▸ About this task
Reproduce, with no alteration, the span of lines that begins at the line containing "Children's cotton long sleeve shirt" and ends at the last line of the records, both ends included, and nothing else.

(Records from a data source)
☆ ☆ ☆ ☆

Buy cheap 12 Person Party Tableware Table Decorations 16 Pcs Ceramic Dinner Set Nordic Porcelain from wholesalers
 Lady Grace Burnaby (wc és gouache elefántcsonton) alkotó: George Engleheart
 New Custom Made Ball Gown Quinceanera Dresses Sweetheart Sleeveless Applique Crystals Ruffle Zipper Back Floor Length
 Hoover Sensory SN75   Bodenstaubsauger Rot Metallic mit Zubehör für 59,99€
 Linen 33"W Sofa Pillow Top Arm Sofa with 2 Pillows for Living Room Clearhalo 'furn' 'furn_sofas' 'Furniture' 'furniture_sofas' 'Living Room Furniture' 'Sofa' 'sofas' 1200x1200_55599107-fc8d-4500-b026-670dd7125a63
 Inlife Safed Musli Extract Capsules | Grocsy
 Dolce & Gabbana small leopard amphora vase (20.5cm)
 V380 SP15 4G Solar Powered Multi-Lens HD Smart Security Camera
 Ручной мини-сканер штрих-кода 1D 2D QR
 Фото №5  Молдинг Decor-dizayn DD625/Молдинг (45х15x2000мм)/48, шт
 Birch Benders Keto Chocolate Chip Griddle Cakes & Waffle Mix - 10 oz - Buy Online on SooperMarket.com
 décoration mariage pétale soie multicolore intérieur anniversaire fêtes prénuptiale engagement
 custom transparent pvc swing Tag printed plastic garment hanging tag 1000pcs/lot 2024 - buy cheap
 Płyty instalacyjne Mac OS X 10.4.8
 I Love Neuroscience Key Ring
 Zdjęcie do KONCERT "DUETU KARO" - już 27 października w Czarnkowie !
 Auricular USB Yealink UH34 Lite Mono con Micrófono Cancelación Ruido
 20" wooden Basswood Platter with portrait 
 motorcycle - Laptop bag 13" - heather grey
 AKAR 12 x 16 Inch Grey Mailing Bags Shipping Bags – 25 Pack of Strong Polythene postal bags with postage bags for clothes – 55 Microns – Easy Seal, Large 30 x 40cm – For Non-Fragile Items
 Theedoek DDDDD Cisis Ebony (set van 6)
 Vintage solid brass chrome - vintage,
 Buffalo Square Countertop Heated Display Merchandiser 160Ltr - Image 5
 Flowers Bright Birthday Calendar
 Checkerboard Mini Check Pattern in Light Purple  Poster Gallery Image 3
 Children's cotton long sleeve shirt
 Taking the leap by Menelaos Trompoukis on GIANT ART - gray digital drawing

☆ ☆ ☆ ☆

▸ Solved exercise
 Children's cotton long sleeve shirt
 Taking the leap by Menelaos Trompoukis on GIANT ART - gray digital drawing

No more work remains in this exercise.